§ **EXERCISE DIRECTIONS**:
Produce exactly the lines from the one holding "From Kid Basix" through the last line of the data below, with every picture left out.

○ ○ ○ ○

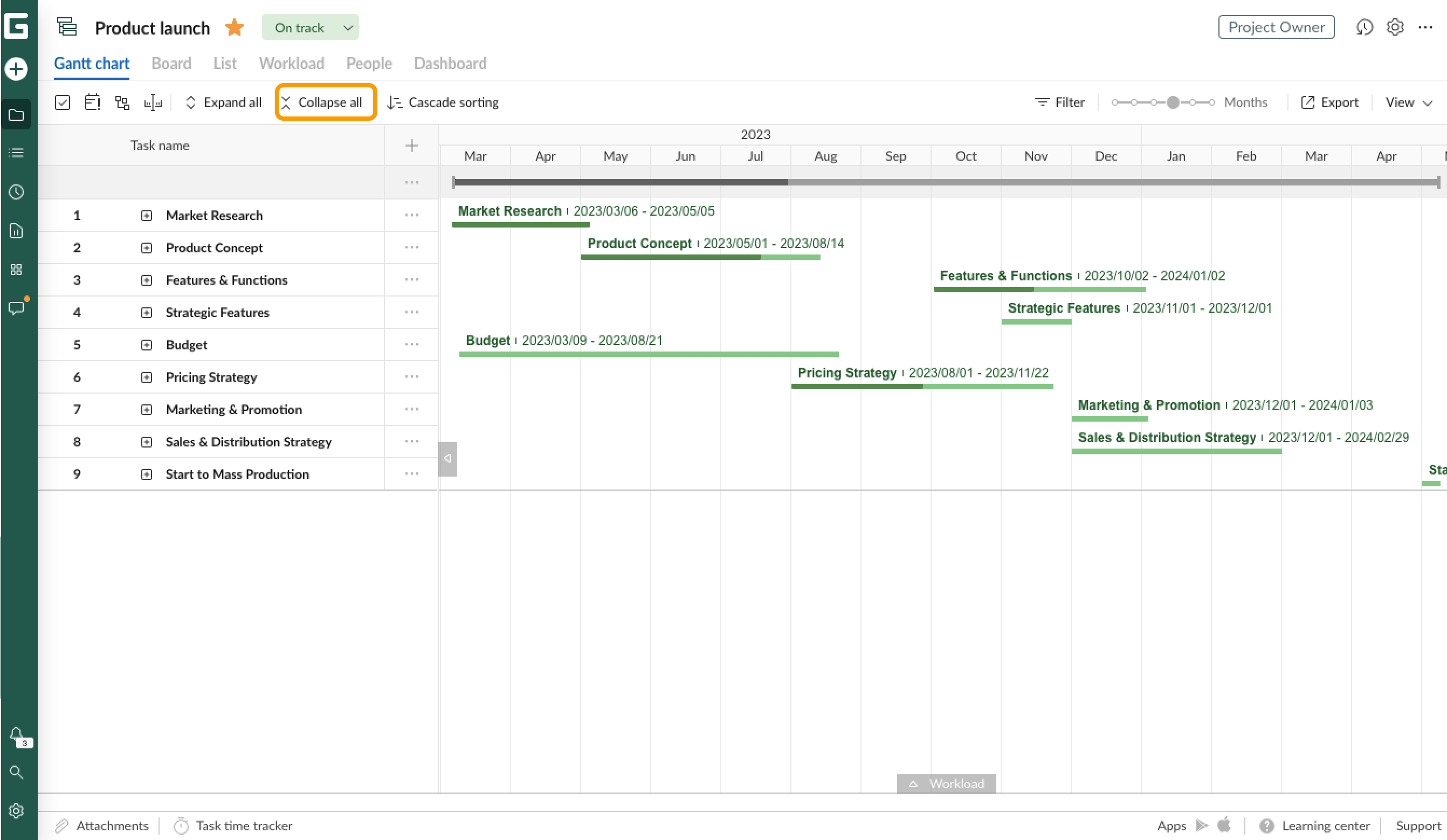 Gantt chart view-Collapse all.png
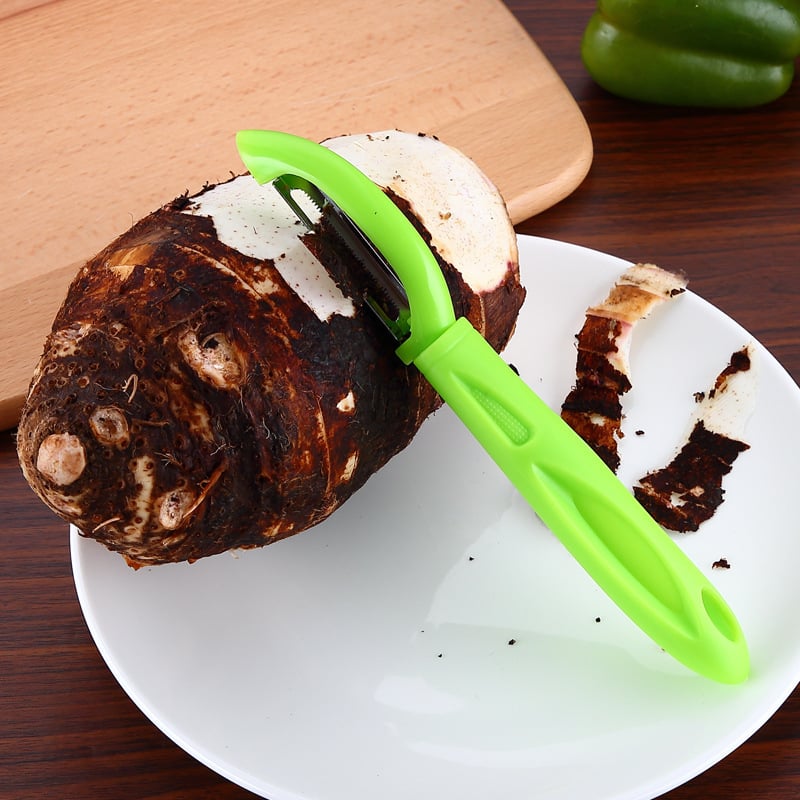 Peeler de bucătărie multifuncțional cu lamă din oțel inoxidabil 420 și mâner PP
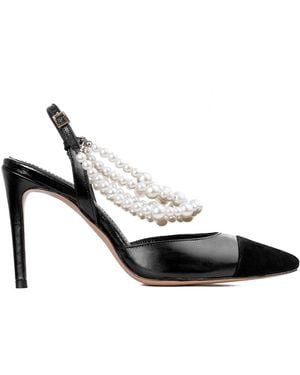 Ginissima Alice Pearl Natural Leather Shoes - Black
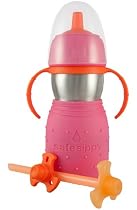 The Safe Sippy 2 Straw Bottle, Pink, 6 Months
From Kid Basix
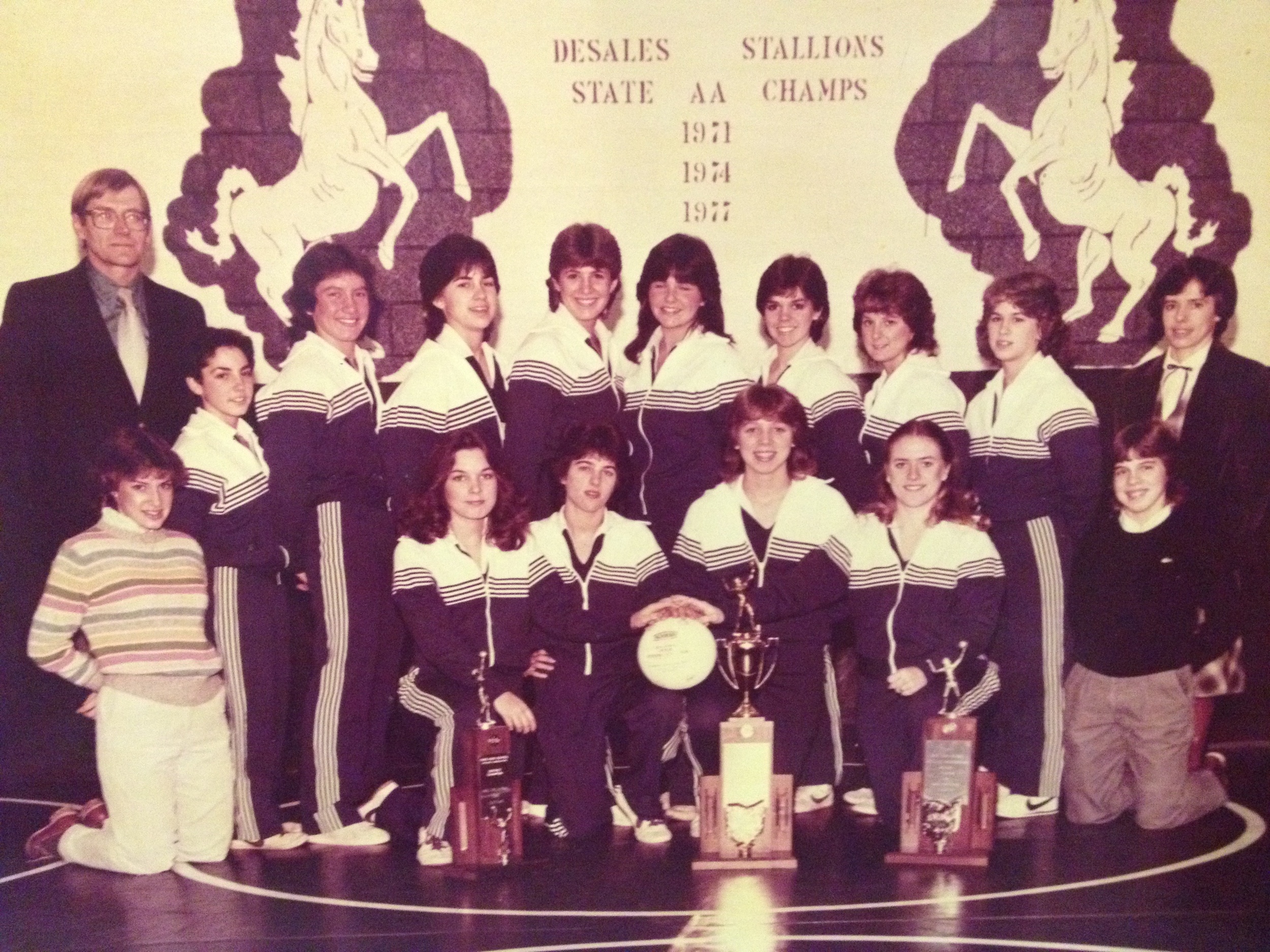   1982 STATE CHAMPIONS  Girls Volleyball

○ ○ ○ ○

§ **RESULT**:
From Kid Basix
   1982 STATE CHAMPIONS  Girls Volleyball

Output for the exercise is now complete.